Santa Ana

The Bowers Museum Fêtes Cherry Blossoms, Virtually

The online event is free to join, and will boast music, at-home craft-making (think origami), and more.

Witthaya Prasongsin

What to Know

  • Sunday, April 25 at 11 a.m.
  • Find the flowery fun on Facebook and Youtube
  • Traditional dances, thrilling drumming, at-home crafts, and more spring sweetness

Flowers have a nice knack for lifting the spirits, for inspiring poetry, for easing a weary mind, and for giving us something glorious to behold, in the great outdoors, when April is in full and awesomely ostentatious bloom.

But only one April flower seems to stand in the center of the spotlight, in terms of all of the large-scale to-dos built around its annual return.

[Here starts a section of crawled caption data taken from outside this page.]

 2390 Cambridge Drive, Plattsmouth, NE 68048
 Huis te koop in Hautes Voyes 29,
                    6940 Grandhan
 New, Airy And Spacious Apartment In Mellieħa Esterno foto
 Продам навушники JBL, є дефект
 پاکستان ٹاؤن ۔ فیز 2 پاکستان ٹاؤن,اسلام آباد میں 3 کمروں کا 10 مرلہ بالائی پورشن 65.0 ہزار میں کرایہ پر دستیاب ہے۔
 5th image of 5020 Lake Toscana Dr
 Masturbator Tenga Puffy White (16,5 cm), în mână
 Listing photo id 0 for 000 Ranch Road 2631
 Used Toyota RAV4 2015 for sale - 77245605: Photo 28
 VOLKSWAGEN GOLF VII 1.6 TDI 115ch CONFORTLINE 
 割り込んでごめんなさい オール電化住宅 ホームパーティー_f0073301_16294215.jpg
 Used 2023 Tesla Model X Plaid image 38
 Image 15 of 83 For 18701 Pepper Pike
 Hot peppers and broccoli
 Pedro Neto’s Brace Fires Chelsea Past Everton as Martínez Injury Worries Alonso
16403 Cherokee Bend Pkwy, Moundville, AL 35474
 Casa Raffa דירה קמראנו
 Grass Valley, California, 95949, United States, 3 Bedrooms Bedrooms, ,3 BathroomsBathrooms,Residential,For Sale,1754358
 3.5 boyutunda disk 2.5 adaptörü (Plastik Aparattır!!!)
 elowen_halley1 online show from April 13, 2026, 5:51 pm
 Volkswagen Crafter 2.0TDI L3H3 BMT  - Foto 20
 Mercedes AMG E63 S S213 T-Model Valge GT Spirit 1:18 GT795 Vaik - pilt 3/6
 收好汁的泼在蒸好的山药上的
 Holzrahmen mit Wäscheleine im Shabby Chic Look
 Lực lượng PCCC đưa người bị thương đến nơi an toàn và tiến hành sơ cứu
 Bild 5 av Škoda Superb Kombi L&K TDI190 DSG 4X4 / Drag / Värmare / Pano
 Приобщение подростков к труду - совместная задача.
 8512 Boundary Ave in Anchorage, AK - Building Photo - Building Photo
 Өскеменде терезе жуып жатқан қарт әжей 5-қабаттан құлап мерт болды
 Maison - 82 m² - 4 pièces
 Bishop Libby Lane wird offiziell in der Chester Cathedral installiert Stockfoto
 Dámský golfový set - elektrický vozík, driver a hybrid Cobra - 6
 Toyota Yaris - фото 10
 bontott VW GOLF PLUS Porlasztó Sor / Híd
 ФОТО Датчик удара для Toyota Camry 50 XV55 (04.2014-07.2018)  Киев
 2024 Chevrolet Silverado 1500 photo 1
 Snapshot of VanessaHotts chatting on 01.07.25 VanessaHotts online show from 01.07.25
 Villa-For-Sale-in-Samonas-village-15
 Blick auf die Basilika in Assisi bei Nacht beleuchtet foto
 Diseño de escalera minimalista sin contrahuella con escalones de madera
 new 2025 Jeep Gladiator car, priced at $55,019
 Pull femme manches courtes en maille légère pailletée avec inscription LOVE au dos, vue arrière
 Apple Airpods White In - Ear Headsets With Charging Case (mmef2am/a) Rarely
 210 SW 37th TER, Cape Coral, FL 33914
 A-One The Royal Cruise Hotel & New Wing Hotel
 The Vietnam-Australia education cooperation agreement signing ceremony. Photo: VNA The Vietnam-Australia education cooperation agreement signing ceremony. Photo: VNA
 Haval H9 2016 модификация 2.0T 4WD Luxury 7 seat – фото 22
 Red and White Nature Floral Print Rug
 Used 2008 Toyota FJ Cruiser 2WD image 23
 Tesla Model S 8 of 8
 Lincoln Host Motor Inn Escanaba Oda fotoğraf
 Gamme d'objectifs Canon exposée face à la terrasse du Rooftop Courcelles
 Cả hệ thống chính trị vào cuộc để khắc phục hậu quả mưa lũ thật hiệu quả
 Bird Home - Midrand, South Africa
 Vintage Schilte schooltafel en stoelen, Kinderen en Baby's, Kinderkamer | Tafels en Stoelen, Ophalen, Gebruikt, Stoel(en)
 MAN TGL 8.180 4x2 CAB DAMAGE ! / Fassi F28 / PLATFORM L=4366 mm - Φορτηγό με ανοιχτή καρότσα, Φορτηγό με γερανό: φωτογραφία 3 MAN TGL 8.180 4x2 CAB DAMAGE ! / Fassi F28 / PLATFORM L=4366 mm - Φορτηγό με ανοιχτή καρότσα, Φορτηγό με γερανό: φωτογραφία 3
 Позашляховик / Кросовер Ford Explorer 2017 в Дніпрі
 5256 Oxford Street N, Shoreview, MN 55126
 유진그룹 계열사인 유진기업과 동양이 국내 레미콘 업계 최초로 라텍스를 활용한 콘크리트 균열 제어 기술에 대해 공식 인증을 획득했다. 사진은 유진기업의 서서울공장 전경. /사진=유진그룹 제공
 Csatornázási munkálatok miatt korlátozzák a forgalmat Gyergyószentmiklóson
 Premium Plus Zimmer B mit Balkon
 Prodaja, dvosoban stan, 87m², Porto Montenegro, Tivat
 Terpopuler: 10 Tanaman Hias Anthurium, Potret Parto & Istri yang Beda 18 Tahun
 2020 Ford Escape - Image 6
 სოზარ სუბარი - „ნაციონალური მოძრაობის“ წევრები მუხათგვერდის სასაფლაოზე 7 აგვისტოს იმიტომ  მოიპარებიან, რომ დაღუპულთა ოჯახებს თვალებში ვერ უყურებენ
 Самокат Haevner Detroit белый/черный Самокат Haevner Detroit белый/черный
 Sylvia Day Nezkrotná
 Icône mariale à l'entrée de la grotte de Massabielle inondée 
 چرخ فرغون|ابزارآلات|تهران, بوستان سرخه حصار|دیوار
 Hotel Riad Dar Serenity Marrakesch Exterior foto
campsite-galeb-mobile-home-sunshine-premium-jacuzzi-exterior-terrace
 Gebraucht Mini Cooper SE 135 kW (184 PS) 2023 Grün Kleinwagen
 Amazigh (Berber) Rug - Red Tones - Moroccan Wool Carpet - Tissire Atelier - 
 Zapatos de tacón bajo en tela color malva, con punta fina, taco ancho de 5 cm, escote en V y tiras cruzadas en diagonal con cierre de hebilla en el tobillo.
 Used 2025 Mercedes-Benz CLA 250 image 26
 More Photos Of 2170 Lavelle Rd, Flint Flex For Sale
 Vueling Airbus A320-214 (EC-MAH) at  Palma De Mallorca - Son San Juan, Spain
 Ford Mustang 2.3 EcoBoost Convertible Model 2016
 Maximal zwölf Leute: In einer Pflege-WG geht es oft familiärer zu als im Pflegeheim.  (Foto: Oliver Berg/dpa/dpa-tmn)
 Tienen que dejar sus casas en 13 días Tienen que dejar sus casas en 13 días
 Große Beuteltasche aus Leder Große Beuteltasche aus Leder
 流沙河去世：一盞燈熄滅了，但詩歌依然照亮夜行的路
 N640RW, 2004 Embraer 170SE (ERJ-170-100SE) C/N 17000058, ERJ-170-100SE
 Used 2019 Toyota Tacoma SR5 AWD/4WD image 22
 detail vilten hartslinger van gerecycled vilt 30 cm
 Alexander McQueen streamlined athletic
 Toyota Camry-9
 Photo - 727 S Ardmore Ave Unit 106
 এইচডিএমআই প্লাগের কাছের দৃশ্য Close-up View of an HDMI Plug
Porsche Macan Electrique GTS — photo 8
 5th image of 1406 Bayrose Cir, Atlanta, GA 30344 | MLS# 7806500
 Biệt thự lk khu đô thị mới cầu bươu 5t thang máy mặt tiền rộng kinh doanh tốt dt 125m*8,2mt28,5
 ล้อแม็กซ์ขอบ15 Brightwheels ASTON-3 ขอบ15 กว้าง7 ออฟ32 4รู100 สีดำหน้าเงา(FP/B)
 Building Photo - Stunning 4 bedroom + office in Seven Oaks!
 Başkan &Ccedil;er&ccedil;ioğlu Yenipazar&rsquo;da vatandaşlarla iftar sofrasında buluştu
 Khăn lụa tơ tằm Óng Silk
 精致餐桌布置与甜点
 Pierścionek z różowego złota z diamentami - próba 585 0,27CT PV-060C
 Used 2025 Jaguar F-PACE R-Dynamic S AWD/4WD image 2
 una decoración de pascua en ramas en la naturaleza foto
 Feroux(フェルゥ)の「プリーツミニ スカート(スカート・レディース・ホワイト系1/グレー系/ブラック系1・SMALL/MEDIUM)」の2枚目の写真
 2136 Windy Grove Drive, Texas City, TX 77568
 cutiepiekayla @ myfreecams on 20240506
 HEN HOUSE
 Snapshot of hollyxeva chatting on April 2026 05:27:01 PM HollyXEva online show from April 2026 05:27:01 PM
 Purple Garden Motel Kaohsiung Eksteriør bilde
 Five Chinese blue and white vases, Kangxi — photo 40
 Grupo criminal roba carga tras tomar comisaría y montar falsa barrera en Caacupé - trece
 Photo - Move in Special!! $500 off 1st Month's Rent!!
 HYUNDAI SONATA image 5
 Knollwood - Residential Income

It's the cherry blossom, a pink-white, oh-so-frilly bud that appears not on the ground but near or above our heads, giving us gorgeous sights to look up and behold.

The cheerful cherry blossom festivals of Southern California, which traditionally open their petals in several communities throughout April, are on hold in 2021, but the Bowers Museum is bringing some of that ethereal beauty to our homes, for free, over a sweet Sunday hour.

It's the Virtual Japanese Cherry Blossom Festival, and it will summon the splendor of the showy flowers, yes, as well as music, crafts, and more.

You won't need to head to the Santa Ana-based cultural museum to see it (though the museum is indeed open to visitors, should you want to visit any of its exhibits).

Swinging by Facebook or Youtube at 11 a.m. on April 25 is the only thing you need to do to enjoy this uplifting event.

Performances include Yu Ooka and Kimo Cornwell's "Yu-Ki Project," Satsuki Palter (Ikebana Teachers Association of Southern California), Kofu Bonsai, Makoto Taiko
Bando Hidesomi (Traditional Japanese Dance), and the Orange County School of the Arts, School of Classical Voice.

The colorful and classic crafts? Origami is part of the joyful doings, as is the chance to fashion a Bonsai tree.

And Ikebana flora arranging will also have its marvelous moment, which makes sense, given this is a virtual gathering that finds its inspiration from flowers.

Are you missing the big blossom bashes of years gone by?

The Bowers Museum wants to help you make that memory connection, from home, thanks to this free hour of dance, drums, origami, and the celebration of spring.